> Exercise details: Each line in the entries below that holds the string "learn" is to be listed.

> Records to process:
▼
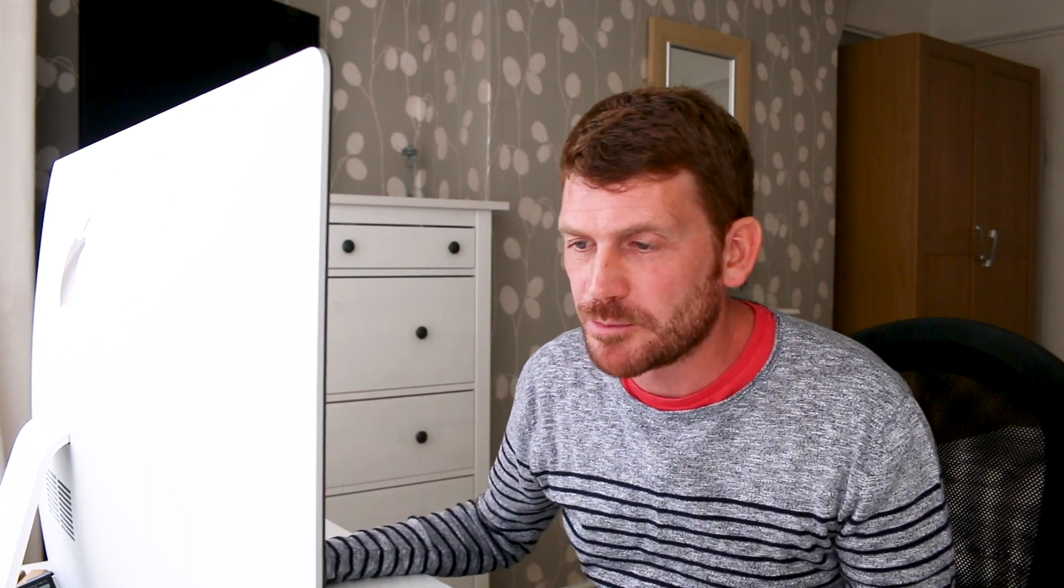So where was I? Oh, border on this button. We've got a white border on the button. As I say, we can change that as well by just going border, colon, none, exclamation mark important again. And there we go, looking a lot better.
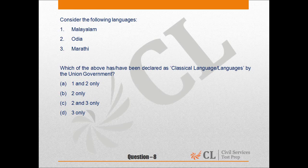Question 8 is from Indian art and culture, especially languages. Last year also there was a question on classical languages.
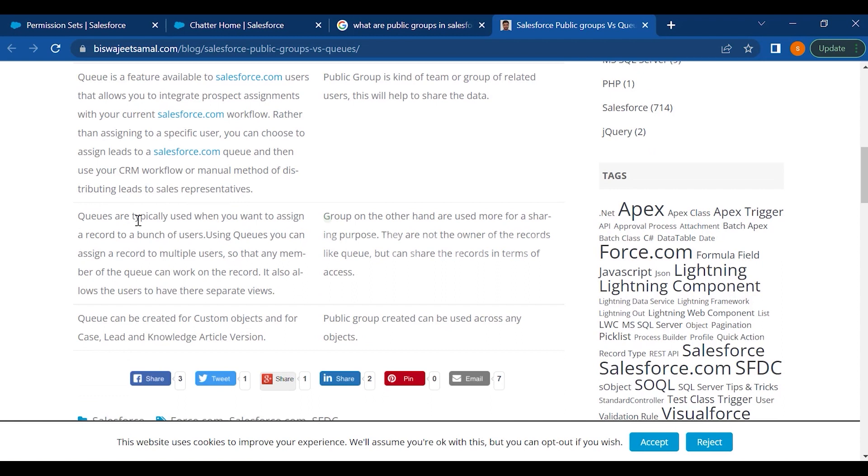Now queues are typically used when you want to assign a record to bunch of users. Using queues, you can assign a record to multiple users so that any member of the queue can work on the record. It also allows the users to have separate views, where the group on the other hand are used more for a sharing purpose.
▲
▼
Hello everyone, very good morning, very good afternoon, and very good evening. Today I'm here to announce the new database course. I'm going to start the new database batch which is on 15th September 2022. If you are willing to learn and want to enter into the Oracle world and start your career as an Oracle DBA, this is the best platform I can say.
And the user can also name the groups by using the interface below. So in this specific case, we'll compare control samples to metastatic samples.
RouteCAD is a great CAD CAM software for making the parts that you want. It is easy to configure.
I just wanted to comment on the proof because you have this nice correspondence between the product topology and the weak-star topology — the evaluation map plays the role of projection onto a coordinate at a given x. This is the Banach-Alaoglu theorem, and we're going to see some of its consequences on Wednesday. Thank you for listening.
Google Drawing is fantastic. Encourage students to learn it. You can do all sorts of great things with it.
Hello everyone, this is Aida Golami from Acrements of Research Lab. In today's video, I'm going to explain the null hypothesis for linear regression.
▲
> Result for this exercise:
Hello everyone, very good morning, very good afternoon, and very good evening. Today I'm here to announce the new database course. I'm going to start the new database batch which is on 15th September 2022. If you are willing to learn and want to enter into the Oracle world and start your career as an Oracle DBA, this is the best platform I can say.
Google Drawing is fantastic. Encourage students to learn it. You can do all sorts of great things with it.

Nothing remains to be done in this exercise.